I am very happy to hear that both climbers lived, and that Tom would recover fully. Helmet saved Tom's life, no question. My thoughts are with these guys... it must have been incredibly hard to write it up.


bennydh wrote:
I read the story, and all I can think is 'Why?'.

For the same reason(s) you have when you climb. You make your choices on style, protection, boldness, difficulty, etc. But you take risks when you climb.

These guys made a choice that you may not be comfortable with. I certainly don't feel that I can climb 100 pitches in a day, or that I should be simul-climbing. Which is why I don't do it.

But other people do. And I am not the judge.


bennydh wrote:
Beyond that, its like a free soloist expecting a spot. :/

Not sure I get your meaning here. No climber, no matter what style of climbing they do, starts out on their climb expecting to need rescue or help. These guys didn't either.



lena_chita,
I sometimes simul with a partner. With that said, I also want to be clear that when I simul, I am not consistently leaving 50+ foot gaps in between gear.

From the Blog:
"If the first climber falls and the gear is solid, it can be very similar to a regular belayed fall, though much scarier and potentially much more serious."
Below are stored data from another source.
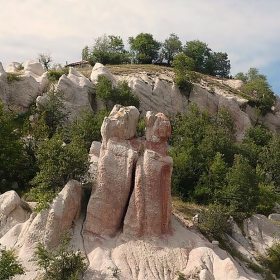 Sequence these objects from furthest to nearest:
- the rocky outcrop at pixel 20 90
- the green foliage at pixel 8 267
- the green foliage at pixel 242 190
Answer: the rocky outcrop at pixel 20 90, the green foliage at pixel 242 190, the green foliage at pixel 8 267

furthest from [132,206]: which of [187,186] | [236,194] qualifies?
[187,186]

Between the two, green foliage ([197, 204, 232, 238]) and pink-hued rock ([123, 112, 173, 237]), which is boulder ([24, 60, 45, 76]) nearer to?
green foliage ([197, 204, 232, 238])

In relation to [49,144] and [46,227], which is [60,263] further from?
[49,144]

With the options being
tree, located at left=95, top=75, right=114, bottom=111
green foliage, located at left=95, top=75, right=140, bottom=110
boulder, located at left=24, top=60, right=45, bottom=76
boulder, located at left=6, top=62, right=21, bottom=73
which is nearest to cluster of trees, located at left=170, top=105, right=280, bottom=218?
green foliage, located at left=95, top=75, right=140, bottom=110

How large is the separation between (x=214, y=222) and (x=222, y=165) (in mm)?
11763

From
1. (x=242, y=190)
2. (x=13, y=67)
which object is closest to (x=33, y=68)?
(x=13, y=67)

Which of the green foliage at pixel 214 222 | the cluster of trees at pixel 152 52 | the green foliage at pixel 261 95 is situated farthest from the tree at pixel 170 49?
the green foliage at pixel 214 222

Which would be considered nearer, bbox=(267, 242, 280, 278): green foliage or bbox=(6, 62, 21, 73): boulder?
bbox=(267, 242, 280, 278): green foliage

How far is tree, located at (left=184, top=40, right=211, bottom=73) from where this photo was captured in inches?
3605

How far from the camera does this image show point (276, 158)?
164ft

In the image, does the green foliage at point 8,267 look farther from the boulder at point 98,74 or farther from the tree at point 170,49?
the tree at point 170,49

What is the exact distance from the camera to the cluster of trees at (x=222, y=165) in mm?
36875

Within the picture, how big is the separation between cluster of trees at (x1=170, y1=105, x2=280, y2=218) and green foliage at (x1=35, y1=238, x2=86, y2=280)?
45.1 ft

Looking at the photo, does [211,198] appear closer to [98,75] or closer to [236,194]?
[236,194] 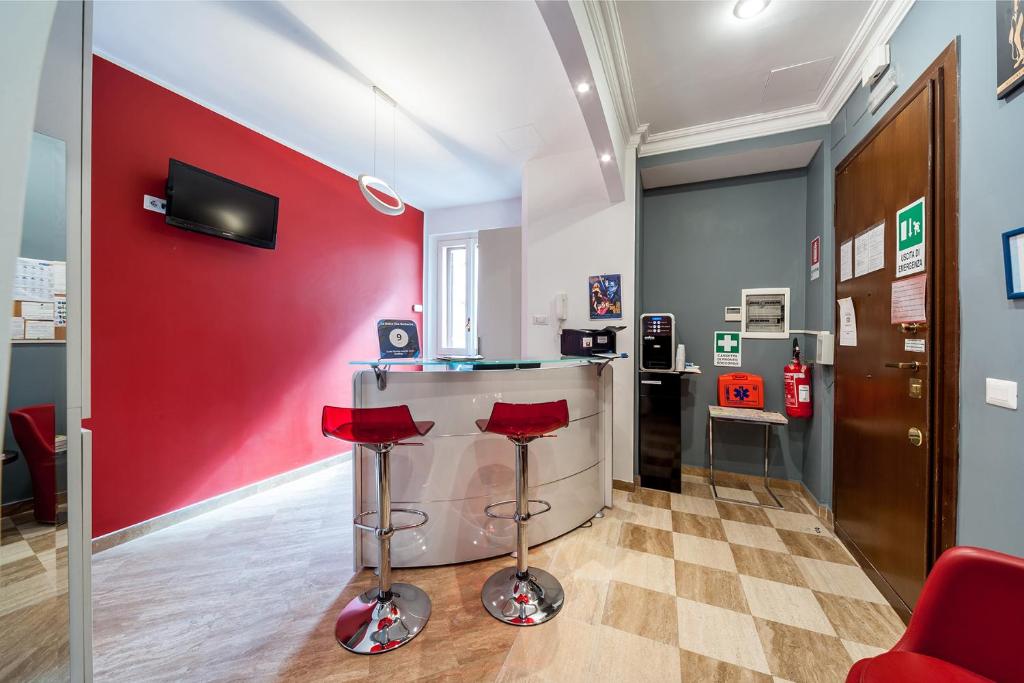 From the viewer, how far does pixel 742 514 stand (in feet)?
9.14

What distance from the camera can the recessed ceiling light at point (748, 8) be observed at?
196 centimetres

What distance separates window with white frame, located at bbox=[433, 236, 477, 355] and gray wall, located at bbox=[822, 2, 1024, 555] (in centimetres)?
442

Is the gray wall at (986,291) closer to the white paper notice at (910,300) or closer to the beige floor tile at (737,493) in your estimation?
the white paper notice at (910,300)

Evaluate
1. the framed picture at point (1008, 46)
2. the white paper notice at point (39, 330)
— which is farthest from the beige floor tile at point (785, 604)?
the white paper notice at point (39, 330)

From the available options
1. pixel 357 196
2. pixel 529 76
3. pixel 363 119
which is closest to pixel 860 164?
pixel 529 76

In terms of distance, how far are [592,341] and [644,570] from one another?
154 centimetres

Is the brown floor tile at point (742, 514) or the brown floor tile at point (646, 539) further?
the brown floor tile at point (742, 514)

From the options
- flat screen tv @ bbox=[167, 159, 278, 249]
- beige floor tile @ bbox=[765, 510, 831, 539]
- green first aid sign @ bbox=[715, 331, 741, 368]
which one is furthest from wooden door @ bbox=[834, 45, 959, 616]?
flat screen tv @ bbox=[167, 159, 278, 249]

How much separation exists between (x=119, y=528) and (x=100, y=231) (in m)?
1.90

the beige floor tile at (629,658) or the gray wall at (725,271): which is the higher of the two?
the gray wall at (725,271)

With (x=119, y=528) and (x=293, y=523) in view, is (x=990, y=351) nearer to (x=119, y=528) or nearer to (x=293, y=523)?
Result: (x=293, y=523)

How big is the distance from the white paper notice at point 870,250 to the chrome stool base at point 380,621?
3002 mm

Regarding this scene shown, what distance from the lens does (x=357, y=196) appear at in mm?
4176

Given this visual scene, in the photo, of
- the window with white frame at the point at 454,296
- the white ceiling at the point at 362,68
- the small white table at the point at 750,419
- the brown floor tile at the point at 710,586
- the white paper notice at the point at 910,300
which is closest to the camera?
the white paper notice at the point at 910,300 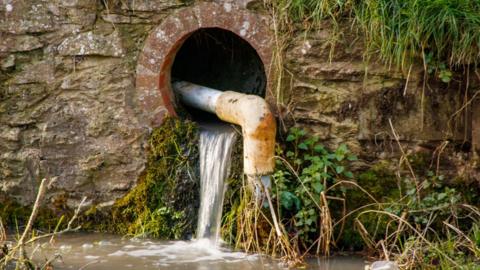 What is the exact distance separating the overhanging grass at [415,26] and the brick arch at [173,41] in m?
0.51

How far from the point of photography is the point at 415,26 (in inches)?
279

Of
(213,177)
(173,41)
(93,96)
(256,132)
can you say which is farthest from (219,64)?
(256,132)

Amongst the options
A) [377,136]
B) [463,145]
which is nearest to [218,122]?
[377,136]

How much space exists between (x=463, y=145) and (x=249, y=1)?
2046 millimetres

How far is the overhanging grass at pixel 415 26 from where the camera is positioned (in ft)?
23.1

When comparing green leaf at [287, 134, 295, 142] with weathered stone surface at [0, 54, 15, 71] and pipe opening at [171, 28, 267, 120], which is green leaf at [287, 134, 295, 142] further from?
weathered stone surface at [0, 54, 15, 71]

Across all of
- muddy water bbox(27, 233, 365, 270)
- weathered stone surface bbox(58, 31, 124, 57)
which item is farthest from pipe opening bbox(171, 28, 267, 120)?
muddy water bbox(27, 233, 365, 270)

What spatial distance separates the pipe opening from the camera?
858 centimetres

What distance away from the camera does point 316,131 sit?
7.56 metres

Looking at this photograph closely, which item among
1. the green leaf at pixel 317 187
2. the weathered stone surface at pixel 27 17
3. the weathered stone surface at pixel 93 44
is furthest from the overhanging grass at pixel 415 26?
the weathered stone surface at pixel 27 17

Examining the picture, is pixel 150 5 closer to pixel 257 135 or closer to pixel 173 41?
pixel 173 41

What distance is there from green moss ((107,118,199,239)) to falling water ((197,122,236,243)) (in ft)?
0.23

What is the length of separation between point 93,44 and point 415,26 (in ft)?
8.57

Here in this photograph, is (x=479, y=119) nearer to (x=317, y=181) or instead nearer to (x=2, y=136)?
(x=317, y=181) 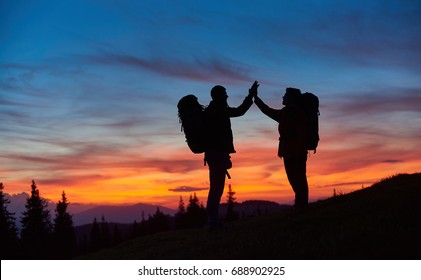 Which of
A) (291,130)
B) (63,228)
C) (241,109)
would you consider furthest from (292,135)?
(63,228)

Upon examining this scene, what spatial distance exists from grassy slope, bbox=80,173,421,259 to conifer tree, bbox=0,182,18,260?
159 ft

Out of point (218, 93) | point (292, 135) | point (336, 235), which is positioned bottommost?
point (336, 235)

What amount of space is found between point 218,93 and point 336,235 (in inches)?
209

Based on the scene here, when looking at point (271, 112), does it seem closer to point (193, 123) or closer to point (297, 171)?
point (297, 171)

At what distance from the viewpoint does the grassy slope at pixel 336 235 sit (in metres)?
9.55

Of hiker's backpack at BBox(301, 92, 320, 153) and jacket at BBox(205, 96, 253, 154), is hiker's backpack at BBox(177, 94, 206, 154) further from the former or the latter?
hiker's backpack at BBox(301, 92, 320, 153)

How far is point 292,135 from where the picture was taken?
1456 cm

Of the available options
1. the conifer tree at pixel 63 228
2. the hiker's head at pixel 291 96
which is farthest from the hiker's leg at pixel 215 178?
the conifer tree at pixel 63 228

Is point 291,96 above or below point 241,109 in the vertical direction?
above

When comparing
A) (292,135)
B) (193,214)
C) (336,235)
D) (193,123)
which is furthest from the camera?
(193,214)
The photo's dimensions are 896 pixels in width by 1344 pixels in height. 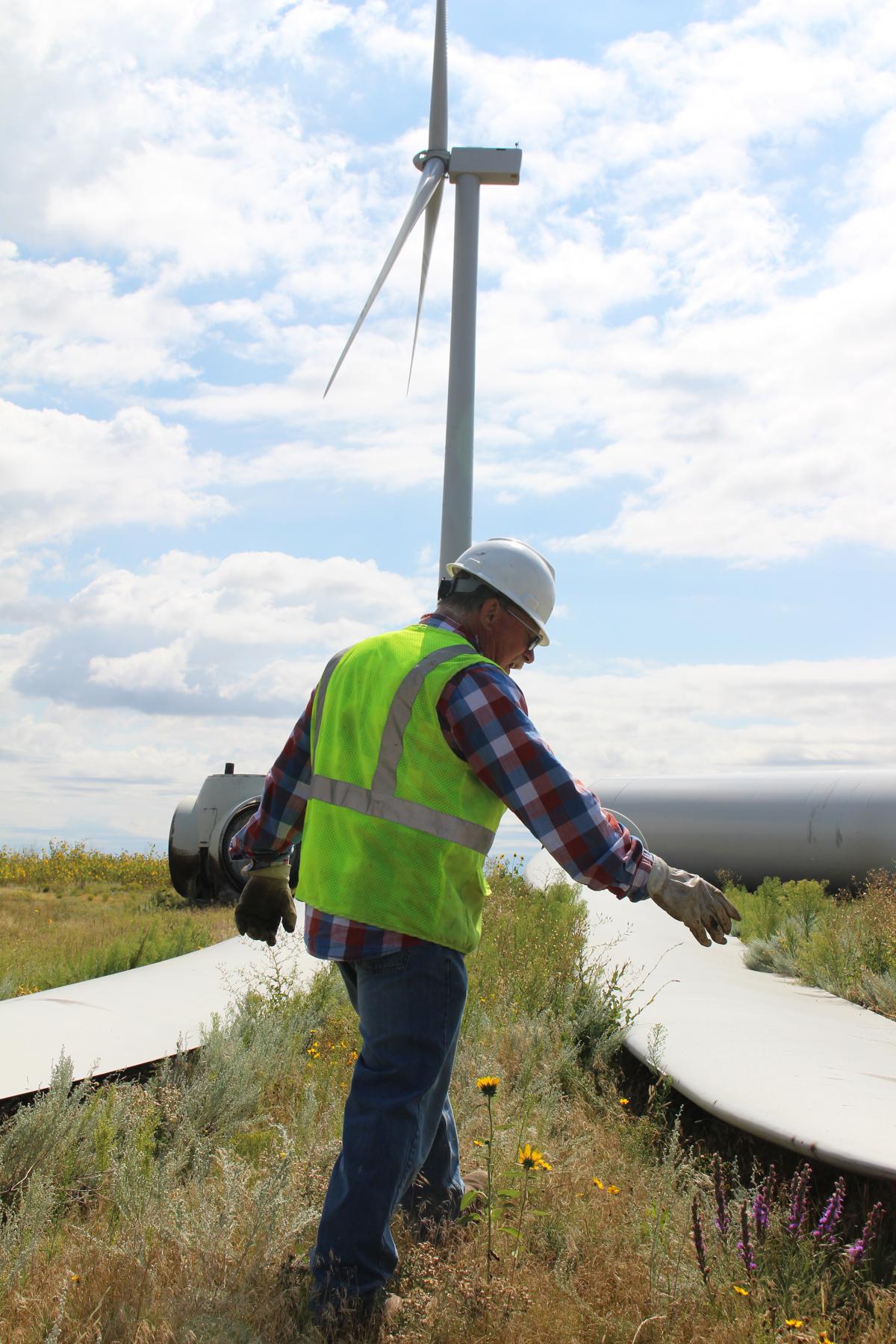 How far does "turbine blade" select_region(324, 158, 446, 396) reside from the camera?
10180mm

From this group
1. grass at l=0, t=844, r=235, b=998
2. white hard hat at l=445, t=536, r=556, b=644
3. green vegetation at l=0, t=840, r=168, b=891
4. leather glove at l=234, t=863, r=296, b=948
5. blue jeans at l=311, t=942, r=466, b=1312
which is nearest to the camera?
blue jeans at l=311, t=942, r=466, b=1312

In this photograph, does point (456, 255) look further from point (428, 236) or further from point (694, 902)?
point (694, 902)

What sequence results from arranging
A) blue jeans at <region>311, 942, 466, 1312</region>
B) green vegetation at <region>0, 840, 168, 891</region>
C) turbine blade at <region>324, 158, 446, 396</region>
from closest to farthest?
blue jeans at <region>311, 942, 466, 1312</region>
turbine blade at <region>324, 158, 446, 396</region>
green vegetation at <region>0, 840, 168, 891</region>

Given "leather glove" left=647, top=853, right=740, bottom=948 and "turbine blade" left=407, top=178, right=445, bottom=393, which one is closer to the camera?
"leather glove" left=647, top=853, right=740, bottom=948

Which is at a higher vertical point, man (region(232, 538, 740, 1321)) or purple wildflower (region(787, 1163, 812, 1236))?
man (region(232, 538, 740, 1321))

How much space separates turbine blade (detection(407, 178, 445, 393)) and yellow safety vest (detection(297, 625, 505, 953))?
9004 mm

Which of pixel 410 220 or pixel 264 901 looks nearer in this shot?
pixel 264 901

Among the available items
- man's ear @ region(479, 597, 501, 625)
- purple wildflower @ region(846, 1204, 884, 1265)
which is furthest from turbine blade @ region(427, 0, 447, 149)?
purple wildflower @ region(846, 1204, 884, 1265)

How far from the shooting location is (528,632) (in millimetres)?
3256

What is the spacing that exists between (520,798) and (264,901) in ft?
4.31

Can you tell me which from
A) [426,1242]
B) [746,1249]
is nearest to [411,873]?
[426,1242]

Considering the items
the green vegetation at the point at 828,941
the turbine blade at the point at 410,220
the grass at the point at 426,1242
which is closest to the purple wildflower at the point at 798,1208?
the grass at the point at 426,1242

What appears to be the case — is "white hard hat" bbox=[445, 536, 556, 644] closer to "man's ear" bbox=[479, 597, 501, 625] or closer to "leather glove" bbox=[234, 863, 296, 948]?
"man's ear" bbox=[479, 597, 501, 625]

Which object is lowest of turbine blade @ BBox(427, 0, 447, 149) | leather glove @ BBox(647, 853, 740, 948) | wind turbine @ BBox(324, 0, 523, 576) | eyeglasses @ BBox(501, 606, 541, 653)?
leather glove @ BBox(647, 853, 740, 948) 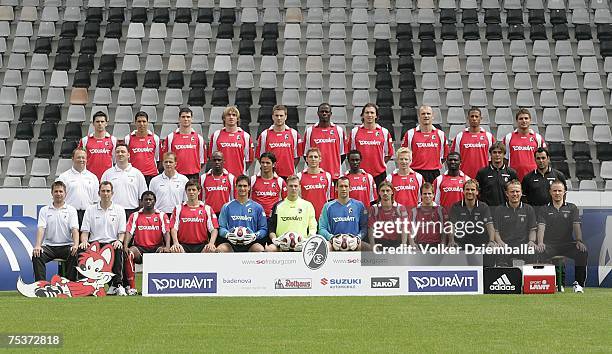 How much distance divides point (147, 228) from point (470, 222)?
401 cm

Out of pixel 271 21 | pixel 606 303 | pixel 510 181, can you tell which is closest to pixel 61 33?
pixel 271 21

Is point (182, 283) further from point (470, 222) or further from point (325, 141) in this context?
point (470, 222)

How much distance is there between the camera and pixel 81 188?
13.3 m

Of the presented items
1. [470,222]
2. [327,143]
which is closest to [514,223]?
[470,222]

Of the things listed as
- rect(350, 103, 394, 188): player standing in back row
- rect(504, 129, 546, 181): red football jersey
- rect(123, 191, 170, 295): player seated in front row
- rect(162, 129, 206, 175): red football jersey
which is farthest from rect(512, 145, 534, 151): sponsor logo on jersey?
rect(123, 191, 170, 295): player seated in front row

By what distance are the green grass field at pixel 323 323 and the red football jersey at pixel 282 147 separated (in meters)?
2.73

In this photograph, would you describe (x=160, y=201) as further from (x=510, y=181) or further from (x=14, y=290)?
(x=510, y=181)

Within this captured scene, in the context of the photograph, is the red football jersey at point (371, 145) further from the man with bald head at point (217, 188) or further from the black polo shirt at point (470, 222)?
the man with bald head at point (217, 188)

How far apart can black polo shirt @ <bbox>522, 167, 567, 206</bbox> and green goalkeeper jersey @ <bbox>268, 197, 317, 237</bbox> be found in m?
2.87

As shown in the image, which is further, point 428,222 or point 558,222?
point 558,222

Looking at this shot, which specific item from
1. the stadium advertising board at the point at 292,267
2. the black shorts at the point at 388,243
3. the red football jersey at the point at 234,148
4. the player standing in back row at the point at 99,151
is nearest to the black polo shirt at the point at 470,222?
the black shorts at the point at 388,243

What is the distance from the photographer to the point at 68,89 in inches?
847

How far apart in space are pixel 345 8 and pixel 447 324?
50.8 feet

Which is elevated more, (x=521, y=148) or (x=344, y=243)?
(x=521, y=148)
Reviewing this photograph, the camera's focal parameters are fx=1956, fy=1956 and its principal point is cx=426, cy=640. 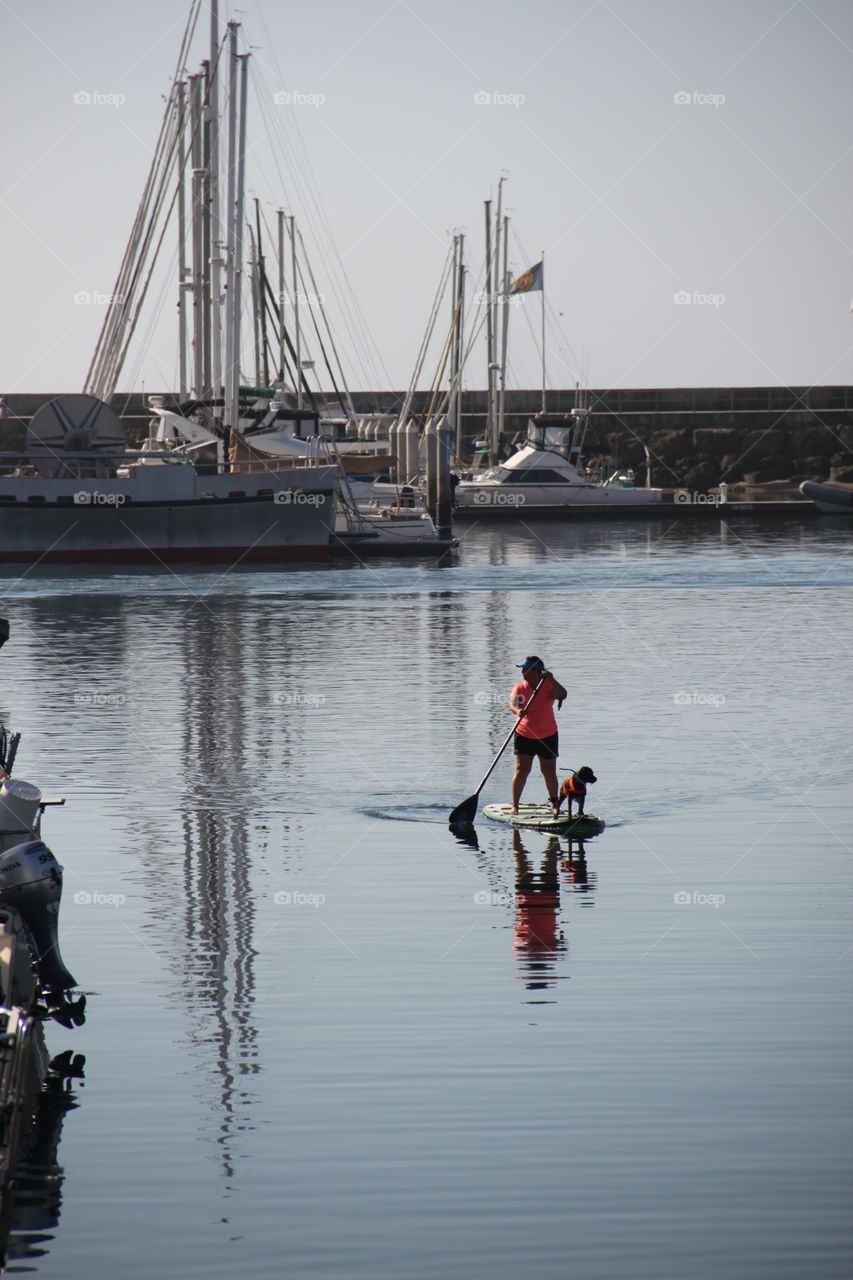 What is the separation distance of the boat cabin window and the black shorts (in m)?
72.1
It's the delusional and undermining logic about the safety of such shenanigans that has led to needing rescue. (More than once now?)

It should read, "during this type of climbing, a leader fall will likely kill someone, we would be lucky to live, and thankful if the climbing community can save one or both of us."

Its obvious I'm not stoked about this 'Tragedy' and feel it should have been avoided all together. I also want to say how happy I am that no one is dead, and how great it is that a helmet saved a life.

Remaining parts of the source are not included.